AS: One is always aware of architecture when visiting foreign places and I was interested in how architecture in a place like Amman, Jordan, represented the country’s past and attitudes towards its past. Jordan is a young country and the territory it covers doesn’t have a deep past when it comes to cities—almost all the building is new. Yet even there—and much more so in Istanbul—there seemed to be a recent interest in historical preservation, whether for the sake of tourism, or a new aesthetic having something to do with the craving for authentic roots in a shape-shifting modern world, or merely a fashion imported by designers who’d traveled or studied in the West. As much as I love the preservationist aesthetic, I also recognize that there’s something artificial about it—ruin and decay and building over the old are much more in the natural order of things. My favorite buildings, as one might guess from the story, are syncretic—in which the new is added without destroying the old, as in so many of the churches in Sicily.
HT: This story seems to draw a line between architecture and literature. Was this intentional?
AS: Certainly not intentional, but probably in my own life I associate architecture with family tradition (my own family like the narrator’s was full of builders) and literature with individuality (since it’s something I’ve pursued out of my own inclination with no family precedents). Also, my tastes in architecture are probably much more conservative than my tastes in literature!
HT: Were you influenced by Italo Calvino when writing this? Or Jorge Luis Borges?
AS: I have read only a little of each, not enough to claim influence. My biggest influence was a contemporary writer I’ve worked with as an editor and hugely admire, Eric Darton, author of the novel “Free City.” The title of “Old City” was a playful and serious homage to “Free City”.
HT: How do you balance being a writer and an editor?
AS: Not very well. I don’t write much—I don’t really consider myself a writer in the way that I consider myself an editor. But as with “balancing” anything one cares about—one always hopes for a formula, and there isn’t one, so you muddle along.
HT: How long did it take you to complete this story?
AS: A first draft—not long at all. Maybe a couple of weekends.
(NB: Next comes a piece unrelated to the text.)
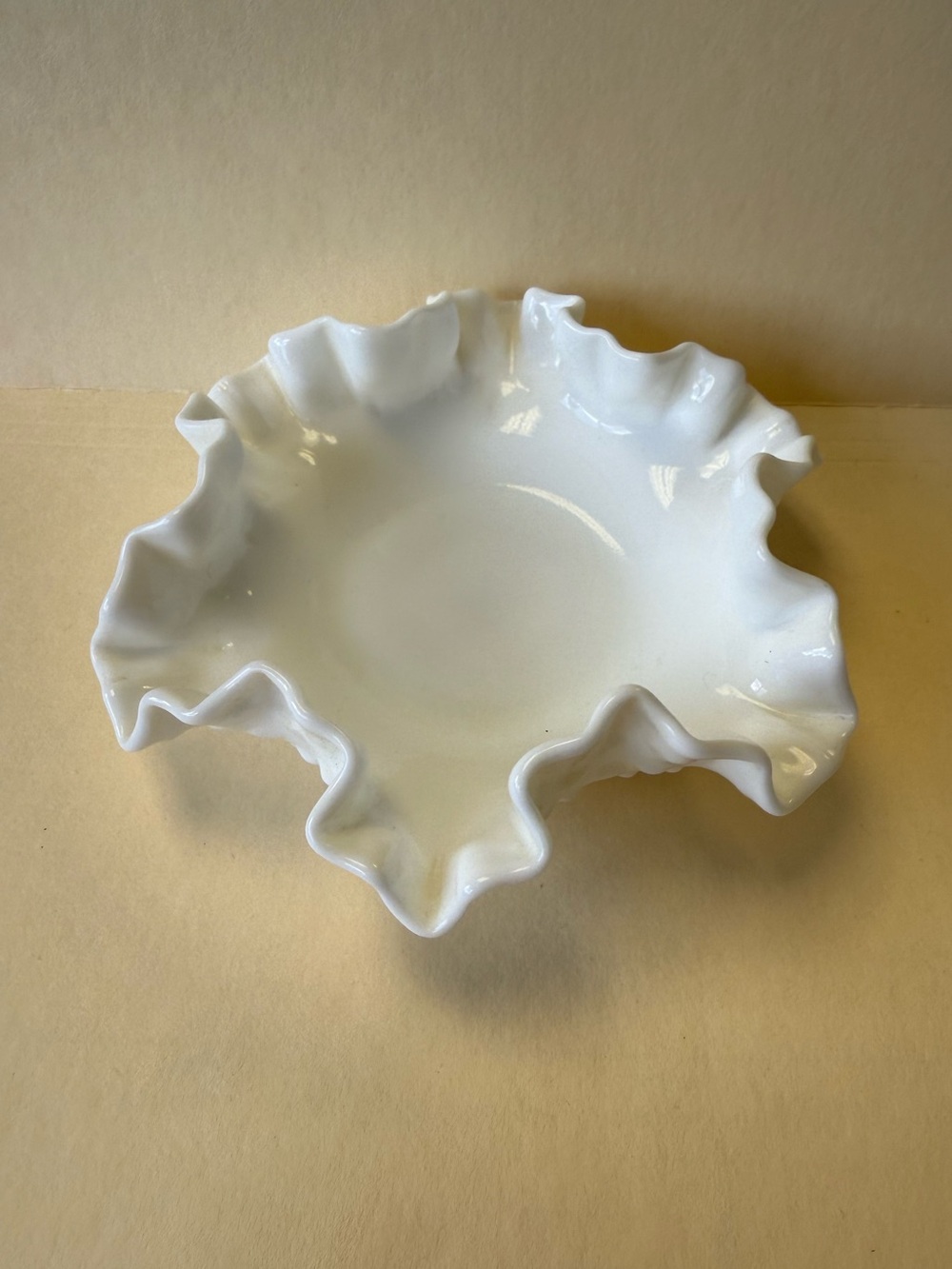 Vintage Fenton Hobnail Milk Glass Bon Bon Dish Bowl with Ruffled Edge Rim.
Then I worked on it off and on over the next 6 years.
HT: What is the best bit of advice about writing you have ever received?
AS: Probably the one I least follow: that the most important writing talent is the one for putting the butt in the desk chair.
HT: What are you working on now?
AS: Some great Norton books. Then, on the side: fundraising and other development for the online magazine for international literature, Words without Borders; a couple of book reviews for the Baltimore Sun (just reviewed Orhan Pamuk’s new book and am about to tackle Jose Saramago’s); revisions on a few other pieces that have been in gestation almost as long as “Old City.”